Questa bambina scontenta, annoiata, che non si diverte neanche con i suoi amici, sembra proprio assumere su di sé i caratteri dei nostri bambini di città, troppo intelligenti e sensibili, ma già testardi nei loro rifiuti arbitrari: non vuole mangiare, non vuole giocare, si butta per terra, batte i piedi. Se canta, nessuno la deve ascoltare, e se corre, magari in compagnia di un cagnolino, la sua corsa non ha nulla di fisico e ansante, ma diventa subito una corsa mentale, allucinata, in cui tutto prende a correre con lei: «Non c’era niente che fosse simile a quello che era stato un attimo prima, ma tutto saliva, scendeva, si gonfiava e precipitava, era mobile e mutevole. I prati correvano, si inarcavano e si distendevano e il vento si inarcava e si distendeva sopra di loro. Tutto rincorreva qualcosa che era davanti a sé e sfuggiva da qualcosa che lo inseguiva e intanto continuamente si trasformava in qualcosa di diverso».

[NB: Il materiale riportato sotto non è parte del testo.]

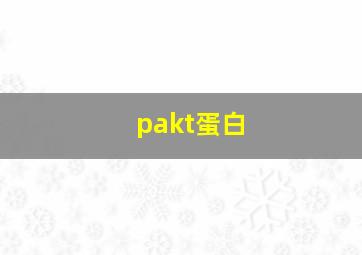 pakt蛋白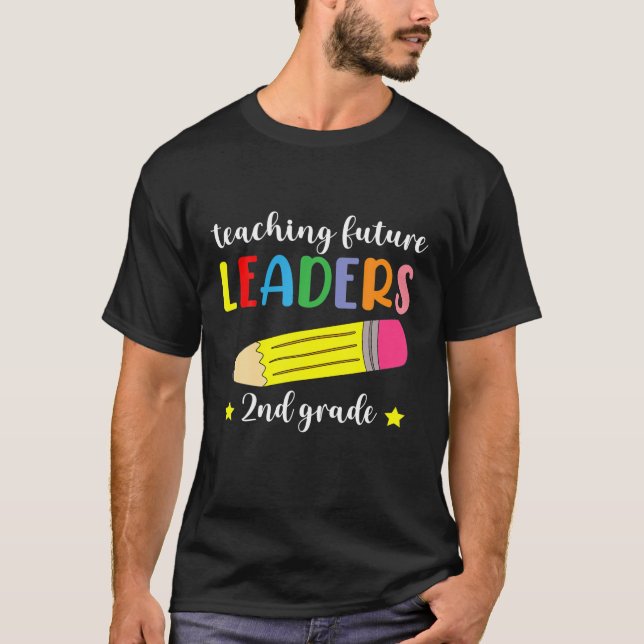 Teaching Future Leaders 2Nd Grade - Student School T-Shirt (Front)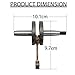 TOP SPEED RC WORLD 305CC Crankshaft for Zenoah Chung Yang 15 RC car Baja 5B 5T 5SC - Image 3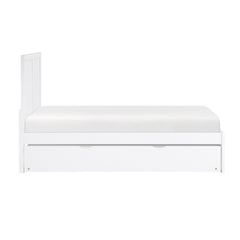 Galen White Twin Platform Bed - Ornate Home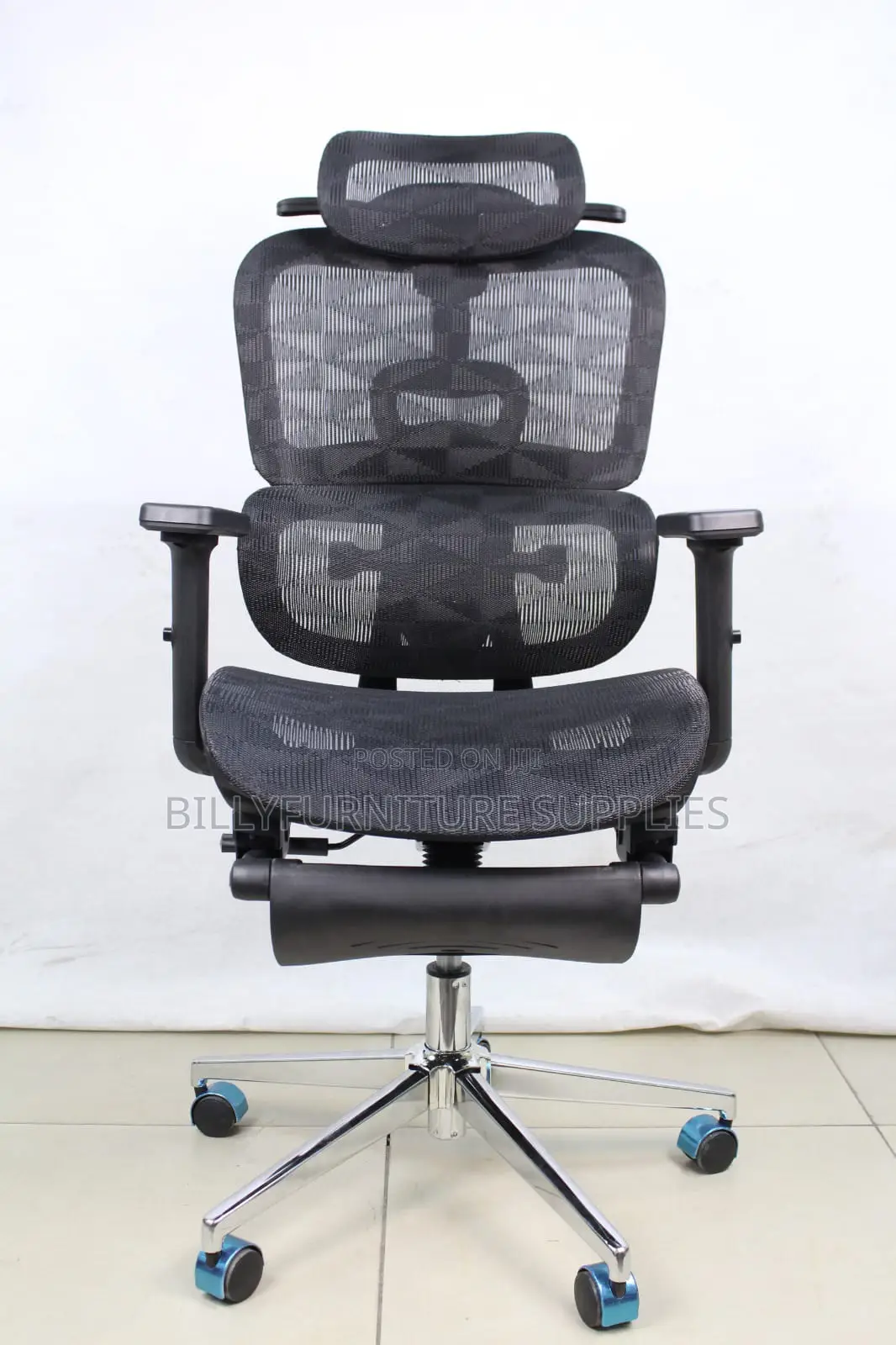Orthopedic Mesh Office Chair With Headrest Footrest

Questo incessante mutare, trasfigurarsi delle cose in altre, delle persone, ha un suo epilogo atteso e inevitabile nell’ultimo racconto del libro, quando Simona, ormai donna adulta e alla ricerca di risposte, torna nella casa della sua infanzia e, nella camera della madre, si specchia nello specchio di lei. Il volto che le appare riflesso è quello della mamma, freddo e severo, come sempre incapace di sorridere. E’ un invito silenzioso, quello materno, a seguirla lì dove è ora, a raggiungerla: per la prima volta le due donne si scambiano parole e lacrime, per la prima volta si toccano, si baciano. Un vecchio specchio è strumento e oggetto di un sortilegio che ha l’incantata magia del miracolo; la madre morta sorride, la bambina difficile diventata donna perdona, lo specchio si trasforma in acqua che cancella ogni visione e ricordo, restituendo la stanza ai suoi chiari e scuri di sempre, la figlia a una se stessa riconciliata, legando passato e presente in una promessa di riscatto, di vita nuova.